Crossposted from the AI Alignment Forum. May contain more technical jargon than usual.
Some context for this new arXiv paper from my group at NYU:
- We're working toward sandwiching experiments using our QuALITY long-document QA dataset, with reading time playing the role of the the expertise variable. Roughly: Is there some way to get humans to reliably answer hard reading-comprehensions questions about a ~5k-word text, without ever having the participants or any other annotators take the ~20 minutes that it would require to actually read the text.
- This is an early writeup of some negative results. It's earlier in the project that I would usually write something like this up, but some authors had constraints that made it worthwhile, so I'm sharing what we have.
- Here, we tried to find out if single-turn debate leads to reliable question answering: If we give people high-quality arguments for and against each (multiple-choice) answer choices, supported by pointers to key quotes in the source text, can they reliably answer the questions under a time limit?
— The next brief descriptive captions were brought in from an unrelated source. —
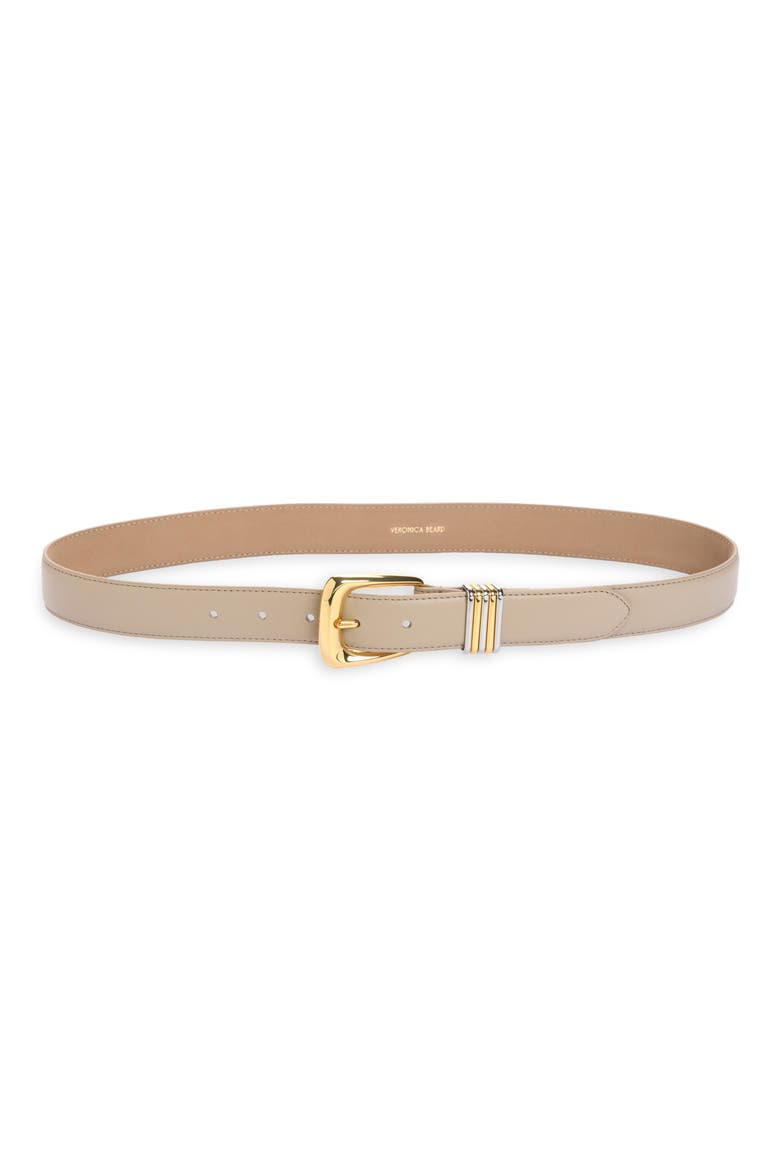 Arch Leather Belt, Main, color, OAT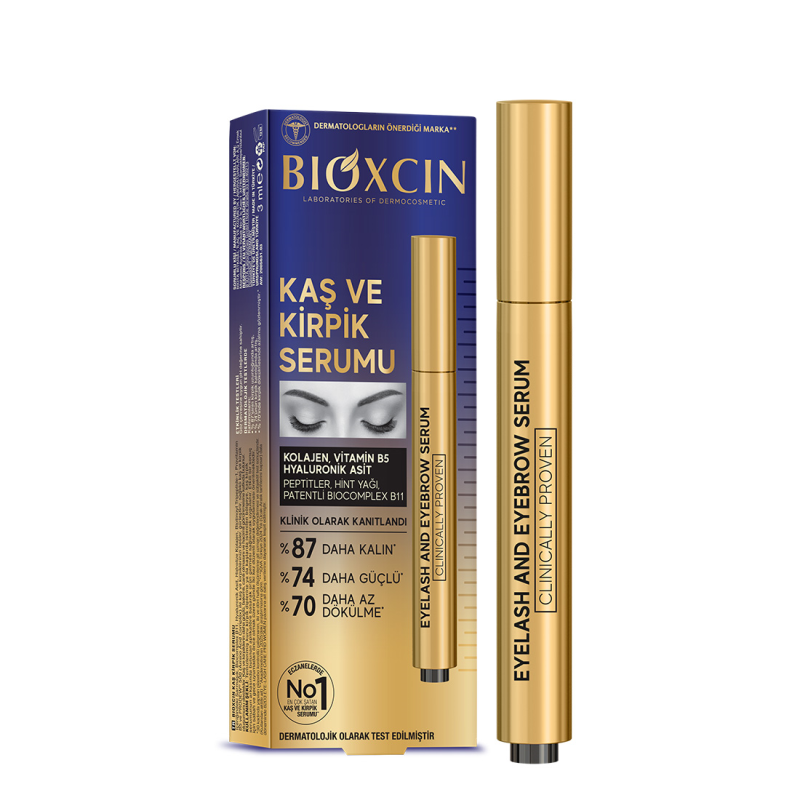 Bioxcin Kaş ve Kirpik Serumu 3 ml
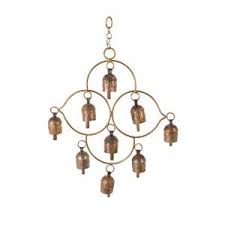 Exporter of a wide range of products which include brass animal statue, brass bangles, brass wall clock and brass compass. Pin By Nayantara Kerketta On Feng Shui In 2021 Wind Chimes Brass Bells Chimes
- We did this initial experiment in an oracle setting; We had (well-incentivized, skilled) humans write the arguments, rather than an LM. Given the limits of current LMs on long texts, we expect this to give us more information about whether this research direction is going anywhere.
- It didn't really work: Our human annotators answered at the same low accuracy with and without the arguments. The selected pointers to key quotes did help a bit, though.
- We're planning to keep pursuing the general strategy, with multi-turn debate—where debaters can rebut one another's arguments and evidence—as the immediate next step.
- Overall, I take this as a very slight update in the direction that debate is difficult to use in practice as an alignment strategy. Slight enough that this probably shouldn't change your view of debate unless you were, for some reason, interested in this exact constrained/trivial application of it.